Protobuf Data Ingestion

POST /tables/{table_name}/ingest

Ingests Protocol Buffers data.

Headers:

Content-Type: application/x-protobuf or application/protobuf

Request Body: Protobuf binary data (ProtoBatch message).

GET /tables/{table_name}/query

Queries data from the specified table with optional time range and pagination.
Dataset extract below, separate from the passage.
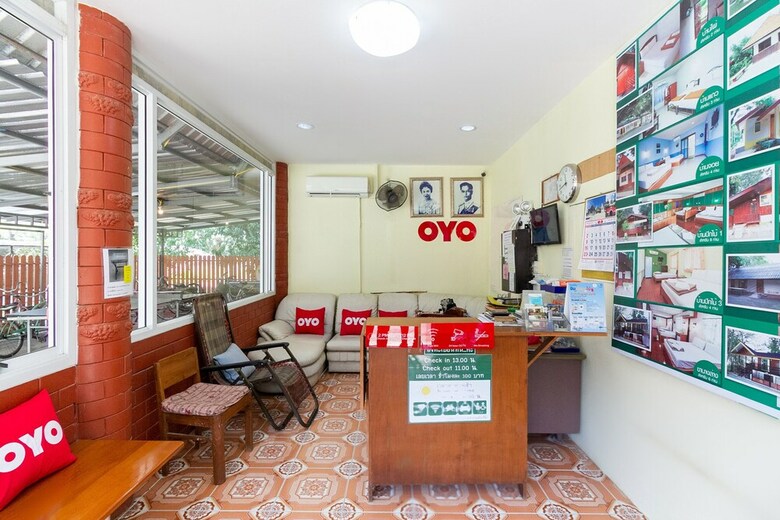 Hotel Oyo Baan Suan Chan Resort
Uses efficient binary key encoding for time-based queries.

Query Parameters: Headers:

Accept: application/json (default)
Accept: application/vnd.apache.arrow.stream (Arrow IPC stream)
Accept: application/x-protobuf (Protobuf)
Accept: text/csv (CSV)
start (optional): Start timestamp (ISO format, Unix timestamp, or common formats)
end (optional): End timestamp (ISO format, Unix timestamp, or common formats)
limit (optional): Maximum number of rows to return (default: 1000, max: 10000)
offset (optional): Number of rows to skip (default: 0)

Examples:

Get all data:

curl "http://localhost:8080/tables/market_data/query"

Time range query:

curl "http://localhost:8080/tables/market_data/query?start=2024-01-01&end=2024-01-02"

With pagination:

curl "http://localhost:8080/tables/market_data/query?limit=100&offset=0"

Response:

{
  "success": true,
  "data": [
    {
      "id": 1,
      "timestamp": "2024-01-01 10:00:00",
      "symbol": "AAPL",
      "price": 150.25,
      "volume": 1000
    },
    {
      "id": 2,
      "timestamp": "2024-01-01 10:01:00",
      "symbol": "AAPL",
      "price": 150.50,
      "volume": 1500
    }
  ],
  "error": null
}

Get Table Count

GET /tables/{table_name}/count

Returns the total number of rows in the specified table.

Response:

{
  "success": true,
  "data": {
    "count": 1500000
  },
  "error": null
}

Get Row by ID

GET /tables/{table_name}/rows/{id}

Retrieves a specific row by its unique ID.

Response:

{
  "success": true,
  "data": {
    "id": 1,
    "timestamp": "2024-01-01 10:00:00",
    "symbol": "AAPL",
    "price": 150.25,
    "volume": 1000
  },
  "error": null
}

If row not found:

{
  "success": true,
  "data": null,
  "error": null
}

Get Schema

GET /tables/{table_name}/schema

Returns the schema information for the specified table, including column definitions and metadata.

Response:

{
  "success": true,
  "data": {
    "table_name": "market_data",
    "columns": [
      {
        "name": "id",
        "data_type": "Integer",
        "nullable": false
      },
      {
        "name": "timestamp",
        "data_type": "Timestamp",
        "nullable": false
      },
      {
        "name": "symbol",
        "data_type": "String",
        "nullable": false
      },
      {
        "name": "price",
        "data_type": "Float",
        "nullable": false
      },
      {
        "name": "volume",
        "data_type": "Integer",
        "nullable": false
      }
    ],
    "timestamp_column": "timestamp",
    "created_at": "2024-01-01T10:00:00Z"
  },
  "error": null
}

Data Types

Pulsora automatically infers and validates these data types from CSV data:

Integer: Whole numbers (e.g., 1000, -50) - compressed with delta + varint encoding
Float: Decimal numbers (e.g., 150.25, -0.5) - compressed with XOR (Gorilla) + varfloat encoding
String: Text data (e.g., "AAPL", "Hello World") - compressed with dictionary encoding for repetitive values
Boolean: True/false values (case-insensitive) - compressed with run-length encoding
Timestamp: Date/time values in various formats - compressed with delta-of-delta + varint encoding

Timestamp Formats

Supported timestamp formats for automatic detection:

ISO 8601: 2024-01-01T10:00:00Z, 2024-01-01T10:00:00+00:00
Common format: 2024-01-01 10:00:00, 2024-01-01 10:00:00.123
Date only: 2024-01-01
Unix timestamp (seconds): 1704110400
Unix timestamp (milliseconds): 1704110400000

The system automatically detects the timestamp column and uses it for time-based indexing and queries.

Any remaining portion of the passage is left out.